Nontrivial damping of magnetization currents in perturbed spin chains

TL;DR

This paper investigates how perturbations affect the damping of magnetization currents in a quantum spin chain, revealing nontrivial damping behavior and providing a perturbative understanding of these effects.

Contribution

It demonstrates that magnetization current damping in a perturbed spin chain is nontrivial and introduces a modified autocorrelation function that exhibits simple damping, supported by numerical and analytical methods.

Findings

Standard autocorrelation function shows nontrivial damping.

Modified autocorrelation function exhibits simple damping.

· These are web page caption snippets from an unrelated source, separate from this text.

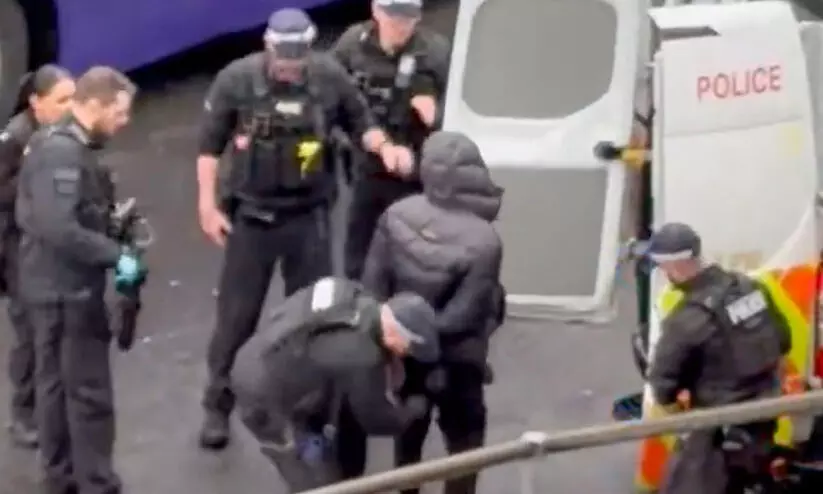 വിമാനത്താവളത്തിൽ യാത്രക്കാർക്ക് നേരെ പെപ്പർ സ്പ്രേ ആക്രമണം: ഒരാൾ അറസ്റ്റിൽ വിമാനത്താവളത്തിൽ യാത്രക്കാർക്ക് നേരെ പെപ്പർ സ്പ്രേ ആക്രമണം: ഒരാൾ അറസ്റ്റിൽ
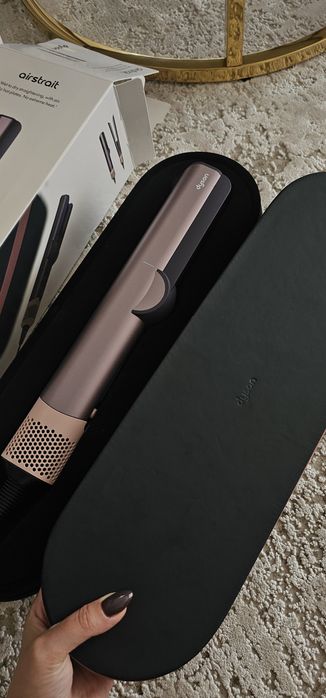 Dyson Airstrait NOU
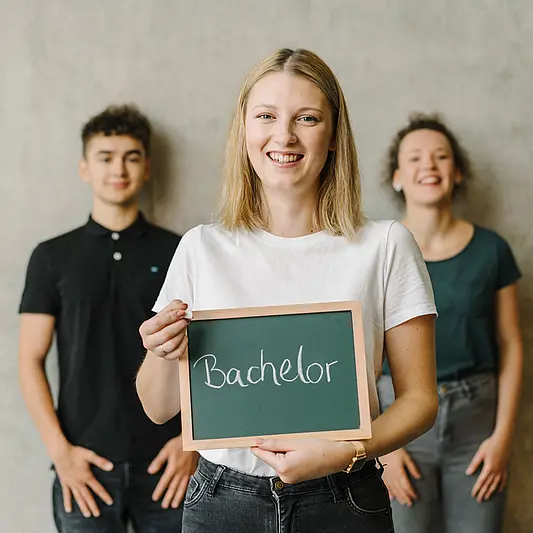 Studierende mit Tafel an der Uni Erfurt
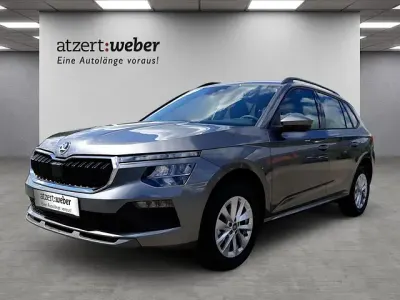 Neu Skoda Kamiq Selection 116 PS (85 kW) 2026 Graphitegrau metallic SUV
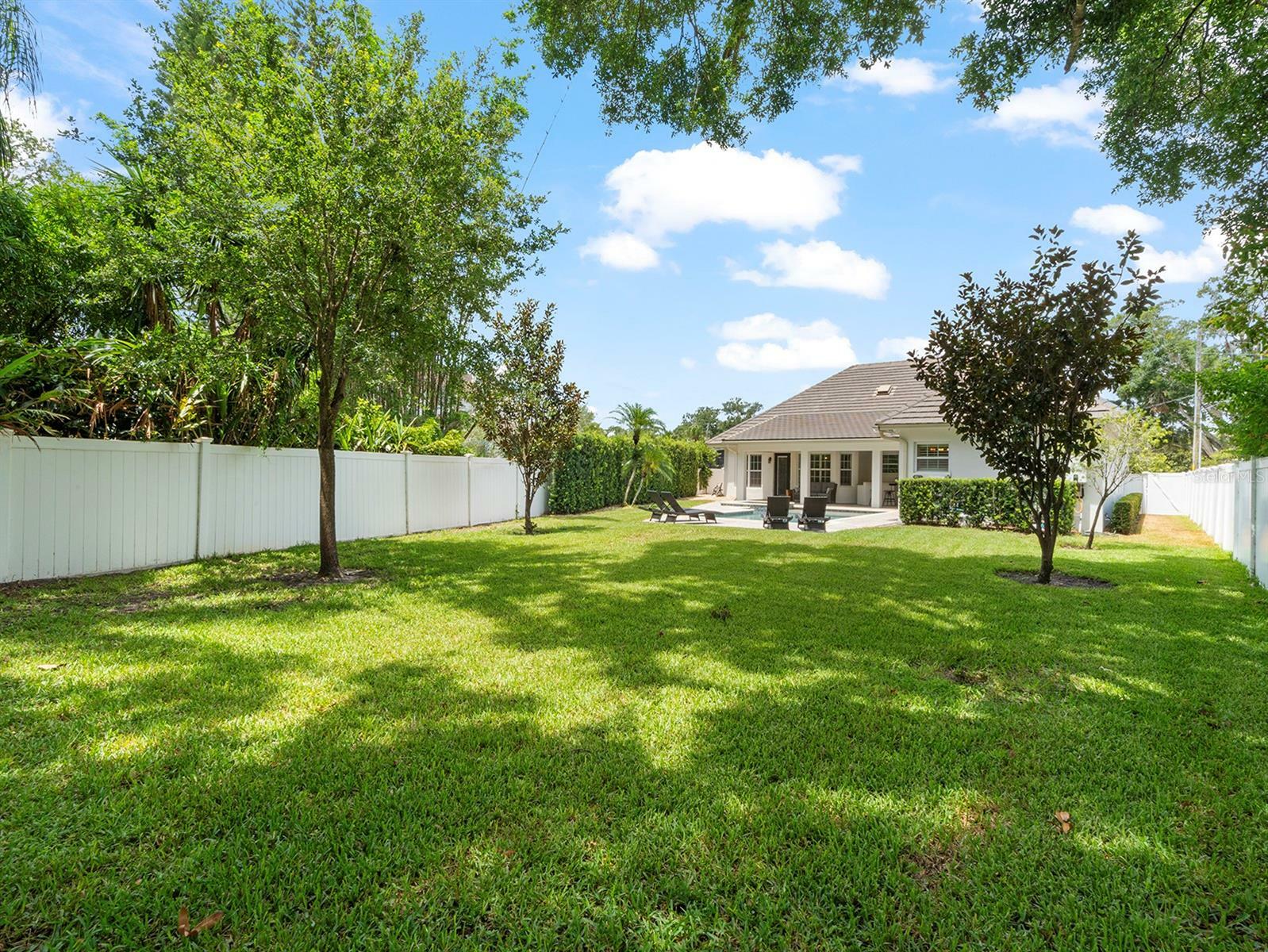 Property Photo: 3535 Lake Sarah Drive FL 32804
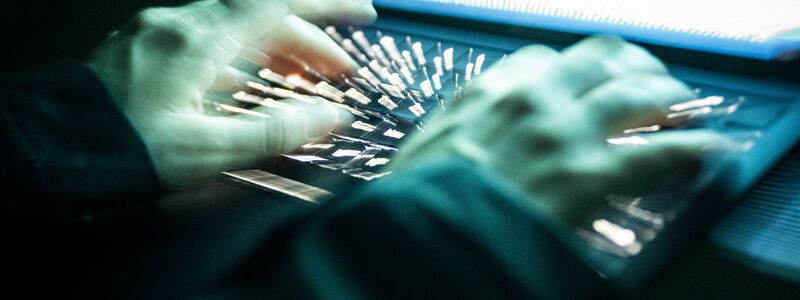 Polizei und Bafin warnen immer wieder vor Anlagebetrügern. (Symbolbild) - Foto: Philip Dulian/dpa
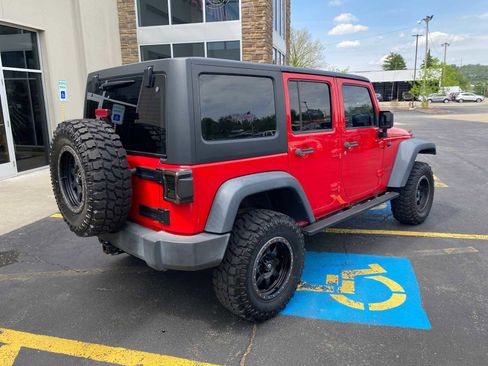 Used 2016 Jeep Wrangler Unlimited Sport AWD/4WD image 4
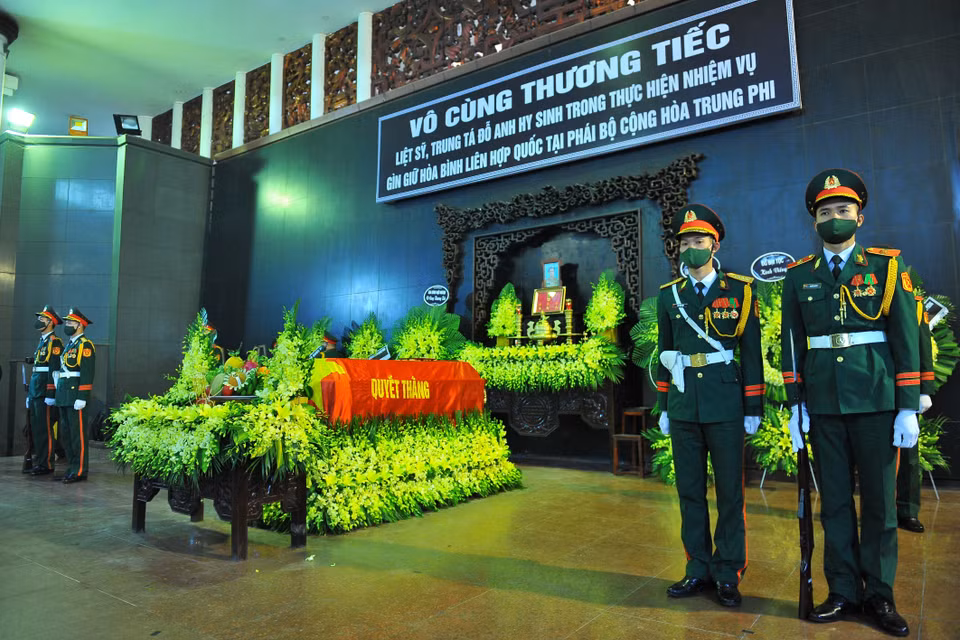 Lễ tang Trung tá Đỗ Anh được tổ chức trọng thể tại Nhà tang lễ Quốc gia, số 5 Trần Thánh Tông (Hà Nội). (Ảnh: Minh Đức/TTXVN)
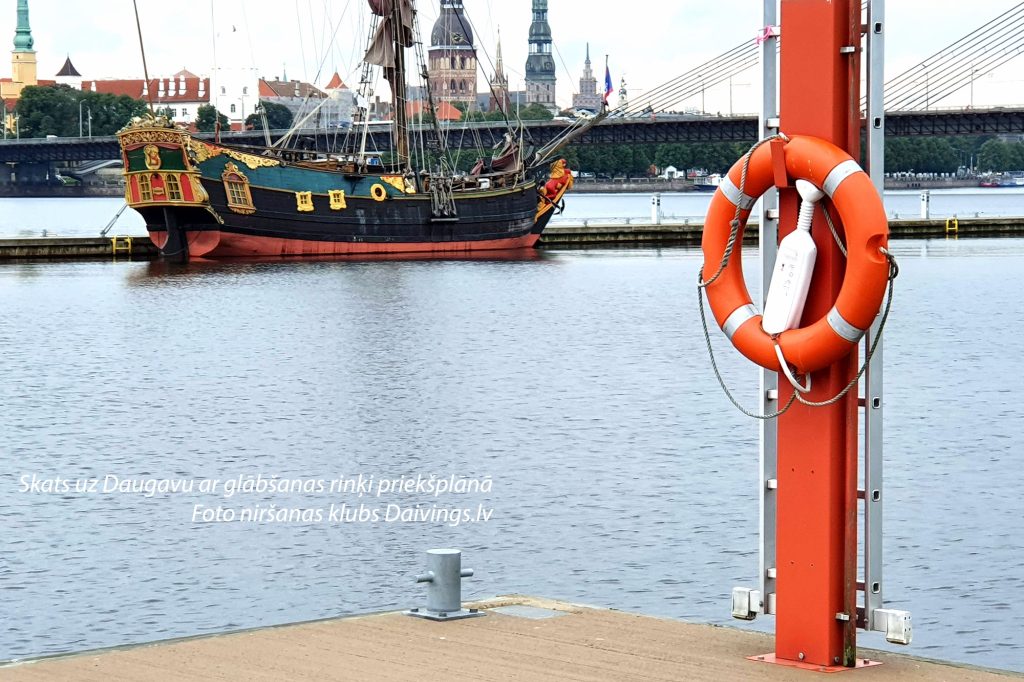 Vue de la Daugava avec la bouée de sauvetage au premier plan Photo club de plongée Daivings.lv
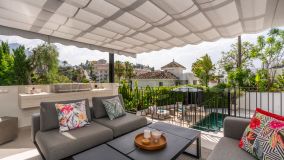 Villa for sale in Los Naranjos Hill Club, Nueva Andalucia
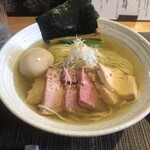 Menya Sakurai - 特製塩らぁ麺のアップ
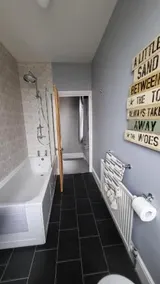 STAY at Southport Holiday Home sleeps 6 - Image 4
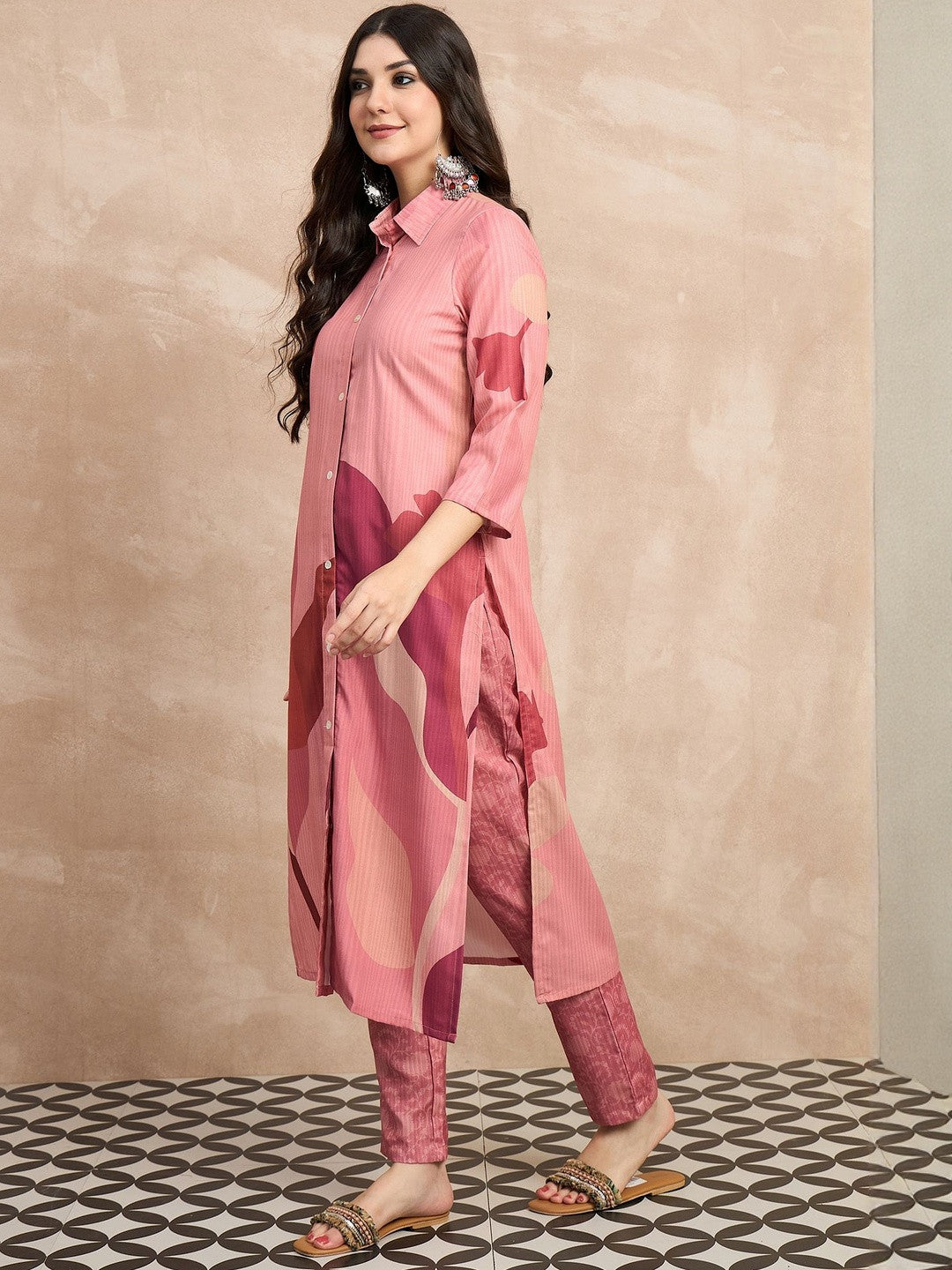 Floral Printed Straight Kurta with Trousers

Results align with previous findings in Hubbard chains.

Abstract

Since perturbations are omnipresent in physics, understanding their impact on the dynamics of quantum many-body systems is a vitally important but notoriously difficult question. On the one hand, random-matrix and typicality arguments suggest a rather simple damping in the overwhelming majority of cases, e.g., exponential damping according to Fermi's Golden Rule. On the other hand, counterexamples are known to exist, and it remains unclear how frequent and under which conditions such counterexamples appear. In our work, we consider the spin-1/2 XXZ chain as a paradigmatic example of a quantum many-body system and study the dynamics of the magnetization current in the easy-axis regime. Using numerical simulations based on dynamical quantum typicality, we show that the standard autocorrelation function is damped in a nontrivial way and that only a modified version of this function is damped in a simple manner. Employing projection-operator techniques in addition, we demonstrate that both, the nontrivial and simple damping relation can be understood on perturbative grounds. Our results are in agreement with earlier findings for the particle current in the Hubbard chain.